== Task input

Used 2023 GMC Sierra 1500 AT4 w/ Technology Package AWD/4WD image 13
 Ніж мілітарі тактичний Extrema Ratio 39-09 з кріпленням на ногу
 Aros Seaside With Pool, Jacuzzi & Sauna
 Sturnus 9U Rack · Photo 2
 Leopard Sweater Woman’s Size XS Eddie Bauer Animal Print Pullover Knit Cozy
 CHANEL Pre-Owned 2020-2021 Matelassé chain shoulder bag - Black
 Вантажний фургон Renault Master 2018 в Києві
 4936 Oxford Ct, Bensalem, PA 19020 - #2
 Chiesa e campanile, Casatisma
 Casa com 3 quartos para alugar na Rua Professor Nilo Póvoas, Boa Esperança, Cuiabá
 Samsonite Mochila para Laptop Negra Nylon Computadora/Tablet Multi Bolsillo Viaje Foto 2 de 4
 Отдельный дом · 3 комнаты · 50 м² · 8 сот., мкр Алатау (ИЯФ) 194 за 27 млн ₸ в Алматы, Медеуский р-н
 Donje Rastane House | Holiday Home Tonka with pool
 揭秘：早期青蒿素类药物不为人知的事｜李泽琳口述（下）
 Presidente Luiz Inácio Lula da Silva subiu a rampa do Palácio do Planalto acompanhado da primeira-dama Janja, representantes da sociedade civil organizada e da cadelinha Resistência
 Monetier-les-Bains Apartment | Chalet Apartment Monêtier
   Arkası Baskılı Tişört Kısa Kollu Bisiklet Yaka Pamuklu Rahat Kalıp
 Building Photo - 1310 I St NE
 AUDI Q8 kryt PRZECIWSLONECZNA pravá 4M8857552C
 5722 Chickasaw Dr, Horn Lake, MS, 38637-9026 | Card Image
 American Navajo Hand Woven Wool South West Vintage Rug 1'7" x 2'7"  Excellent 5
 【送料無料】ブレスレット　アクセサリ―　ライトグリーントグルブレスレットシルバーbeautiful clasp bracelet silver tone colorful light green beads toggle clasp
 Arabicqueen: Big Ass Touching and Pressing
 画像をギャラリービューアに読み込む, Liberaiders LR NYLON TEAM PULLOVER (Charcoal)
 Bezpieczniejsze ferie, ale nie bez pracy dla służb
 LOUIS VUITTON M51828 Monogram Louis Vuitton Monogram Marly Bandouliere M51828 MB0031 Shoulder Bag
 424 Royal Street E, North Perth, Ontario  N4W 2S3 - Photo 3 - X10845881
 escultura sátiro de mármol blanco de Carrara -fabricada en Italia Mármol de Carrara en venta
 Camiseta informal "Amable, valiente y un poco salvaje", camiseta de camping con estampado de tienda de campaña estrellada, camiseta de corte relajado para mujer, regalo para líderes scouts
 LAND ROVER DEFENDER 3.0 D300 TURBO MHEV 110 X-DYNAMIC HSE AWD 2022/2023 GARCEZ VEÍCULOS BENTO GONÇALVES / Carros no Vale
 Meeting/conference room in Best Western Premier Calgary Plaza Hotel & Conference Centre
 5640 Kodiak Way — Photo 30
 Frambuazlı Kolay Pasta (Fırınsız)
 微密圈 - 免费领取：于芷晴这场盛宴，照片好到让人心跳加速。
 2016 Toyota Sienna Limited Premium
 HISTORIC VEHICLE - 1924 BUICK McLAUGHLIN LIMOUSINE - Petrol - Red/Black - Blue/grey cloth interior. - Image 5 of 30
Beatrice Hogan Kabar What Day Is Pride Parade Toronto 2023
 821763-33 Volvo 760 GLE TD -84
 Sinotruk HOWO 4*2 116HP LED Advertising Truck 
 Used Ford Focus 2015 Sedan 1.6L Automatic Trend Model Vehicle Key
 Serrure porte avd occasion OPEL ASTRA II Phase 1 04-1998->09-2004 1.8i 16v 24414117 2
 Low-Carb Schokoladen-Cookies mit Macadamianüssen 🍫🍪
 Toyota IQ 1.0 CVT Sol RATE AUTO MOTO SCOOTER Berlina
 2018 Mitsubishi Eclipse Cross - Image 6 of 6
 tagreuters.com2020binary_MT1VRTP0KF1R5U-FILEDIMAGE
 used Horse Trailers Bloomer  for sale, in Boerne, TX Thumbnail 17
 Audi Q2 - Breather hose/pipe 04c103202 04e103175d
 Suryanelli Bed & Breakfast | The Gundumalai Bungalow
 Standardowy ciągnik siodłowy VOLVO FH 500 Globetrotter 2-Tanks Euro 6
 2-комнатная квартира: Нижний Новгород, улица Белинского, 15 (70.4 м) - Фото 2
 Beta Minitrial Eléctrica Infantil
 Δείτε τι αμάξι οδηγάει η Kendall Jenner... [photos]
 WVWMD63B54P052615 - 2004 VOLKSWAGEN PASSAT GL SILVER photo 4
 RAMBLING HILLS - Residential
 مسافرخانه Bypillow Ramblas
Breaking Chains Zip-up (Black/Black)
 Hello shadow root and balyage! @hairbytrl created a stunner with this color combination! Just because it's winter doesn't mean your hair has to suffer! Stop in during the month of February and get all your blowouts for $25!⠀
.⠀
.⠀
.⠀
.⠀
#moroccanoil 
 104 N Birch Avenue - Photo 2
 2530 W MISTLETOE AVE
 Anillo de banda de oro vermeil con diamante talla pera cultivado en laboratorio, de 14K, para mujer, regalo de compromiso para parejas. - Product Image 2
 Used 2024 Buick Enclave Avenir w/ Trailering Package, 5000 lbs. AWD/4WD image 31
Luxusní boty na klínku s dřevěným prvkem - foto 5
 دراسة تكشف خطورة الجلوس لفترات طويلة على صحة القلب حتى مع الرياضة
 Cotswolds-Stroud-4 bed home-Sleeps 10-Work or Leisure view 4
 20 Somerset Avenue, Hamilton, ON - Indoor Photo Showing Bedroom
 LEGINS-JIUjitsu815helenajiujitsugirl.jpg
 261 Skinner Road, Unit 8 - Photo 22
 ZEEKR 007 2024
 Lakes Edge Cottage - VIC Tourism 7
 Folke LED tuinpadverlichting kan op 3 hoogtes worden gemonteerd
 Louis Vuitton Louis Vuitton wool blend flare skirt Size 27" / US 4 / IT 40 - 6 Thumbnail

====

▶ Exercise aim
Using the entries above, return exactly the lines from the line with "LOUIS VUITTON M51828" to the line with "2016 Toyota Sienna Limited Premium", counting both of those lines.

▶ Exercise result
 LOUIS VUITTON M51828 Monogram Louis Vuitton Monogram Marly Bandouliere M51828 MB0031 Shoulder Bag
 424 Royal Street E, North Perth, Ontario  N4W 2S3 - Photo 3 - X10845881
 escultura sátiro de mármol blanco de Carrara -fabricada en Italia Mármol de Carrara en venta
 Camiseta informal "Amable, valiente y un poco salvaje", camiseta de camping con estampado de tienda de campaña estrellada, camiseta de corte relajado para mujer, regalo para líderes scouts
 LAND ROVER DEFENDER 3.0 D300 TURBO MHEV 110 X-DYNAMIC HSE AWD 2022/2023 GARCEZ VEÍCULOS BENTO GONÇALVES / Carros no Vale
 Meeting/conference room in Best Western Premier Calgary Plaza Hotel & Conference Centre
 5640 Kodiak Way — Photo 30
 Frambuazlı Kolay Pasta (Fırınsız)
 微密圈 - 免费领取：于芷晴这场盛宴，照片好到让人心跳加速。
 2016 Toyota Sienna Limited Premium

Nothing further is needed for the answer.